A trie
is a special kind of tree data structure in which items are stored and
accessed based upon their key value alone, not based upon their key
value in relation to others in the tree. In contrast, recall that a
binary search tree
uses a greaterthan or lessthan relationship between keys in the tree
to determine where a new insertion would be placed. In tries, the new
insertion's place is predetermined based on its key value. For this
reason a trie is somewhat of a cross between a tree and a hash table.
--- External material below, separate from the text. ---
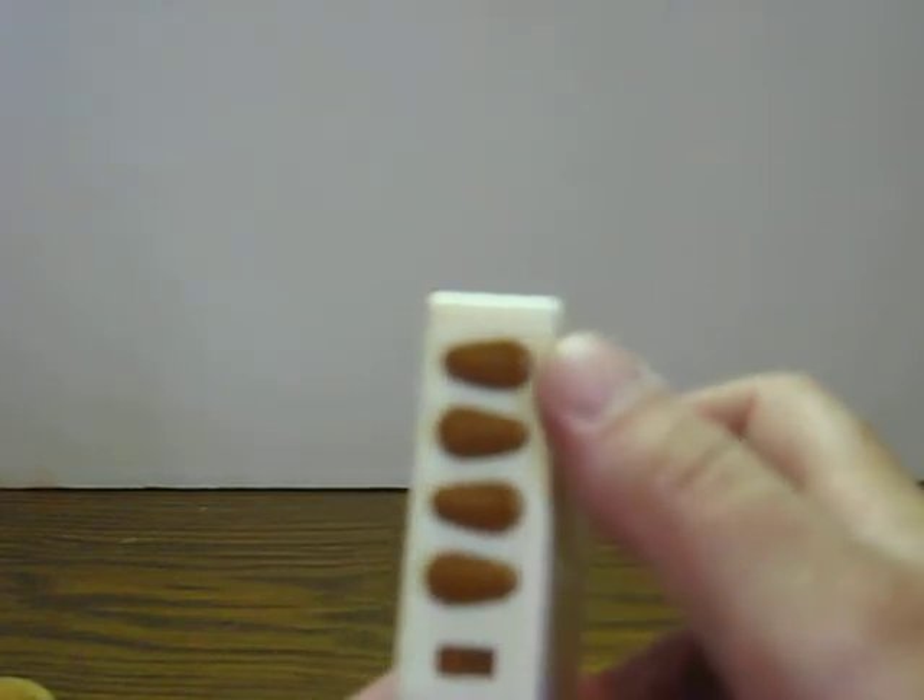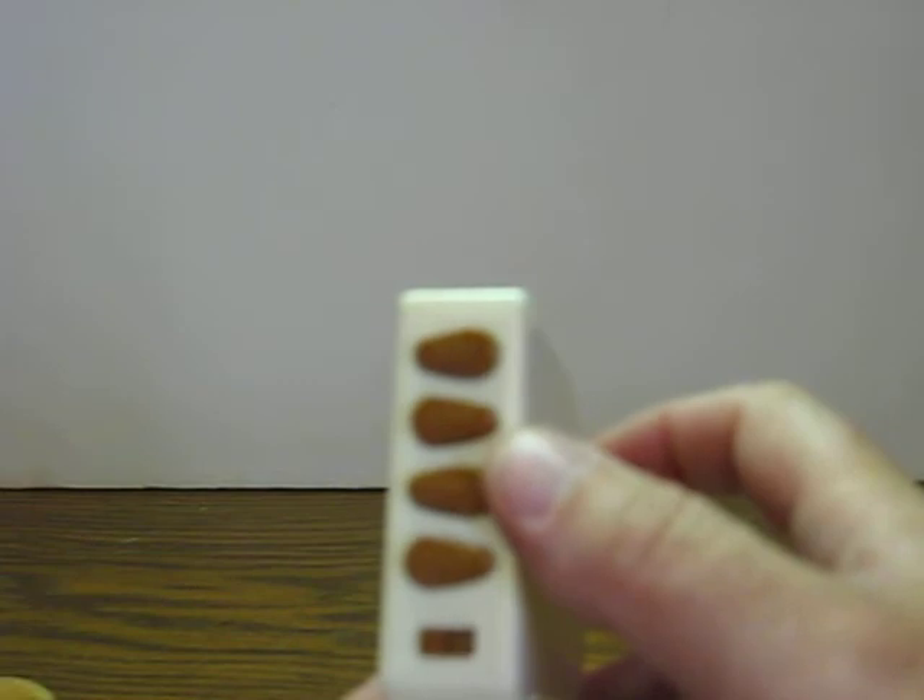It has four different buttons: one marked play, calm, relax, and sleep. A timer for 23 or 45, which I'm guessing is seconds. And then the power and volume switch here.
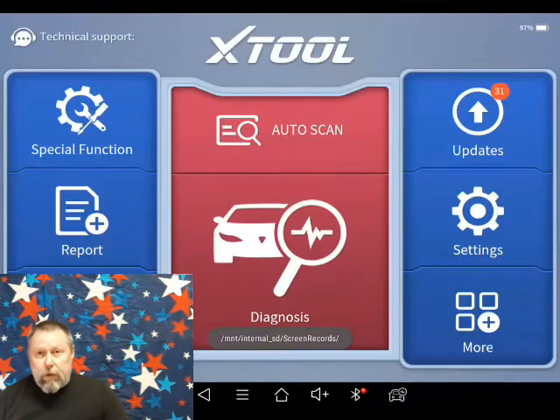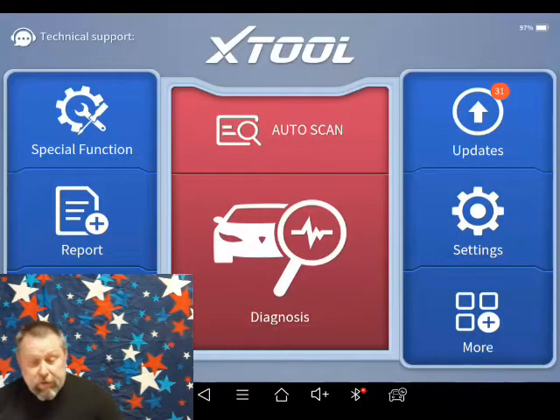All right, this is episode three. What we're going to do is I turned on the X-Tool. I noticed that it had a series of updates that were due. When you buy the X-Tool D8, I got three years of free updates. I've done this a couple times already, but I thought I would make a video of how to do it so you can see how easy it is.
Tries can only be used when the range of valid keys to be stored is
known upfront. To store a new item in a trie, that item's key value
is somehow broken down into components. If, for example, the item to
be stored is a string, a logical way to break its value down is by
letter. For a number, perhaps a good way to break down the key value
is by digits in its binary representation. Every internal node in a
trie can have as many child nodes as the number of items in the
alphabet you are storing. That is, if you are traversing on English
letters each node can have up to 26 children. If you are traversing
on binary digits, each node can have two children, 0 or 1.
Imagine we have a trie in which we are storing strings. We wish to
store the new item ``dog'' in the trie. From the root node we follow
the ``d'' edge and arrive at a child node. The only data stored in
leaves under this child node are words that begin with the letter
``d.''
Next, we traverse along the ``o'' link from the ``d'' node. We reach
yet another internal node under which only words which start with the
prefix ``do'' are stored. Finally suppose we find that there is no
``g'' link off the ``do'' node. We create one and store ``dog'' at this
new leaf node.
Likewise, if we want to store the number six (6) in a numeric trie, we
might convert six to it's binary representation (110). From the first
node we follow the ``1'' edge. Next we traverse down the ``1'' edge
again. And finally we store the value six in a leaf node that is lies
along the ``110'' edges from the root node.
Any path from the root to a leaf in a trie corresponds to the value of
the item stored at the leaf node reached.
Huffman trees,
the data structures behind Huffman data compression algorithms, are a
popular use of tries. Huffman coding
is discussed in the data compression section of this document.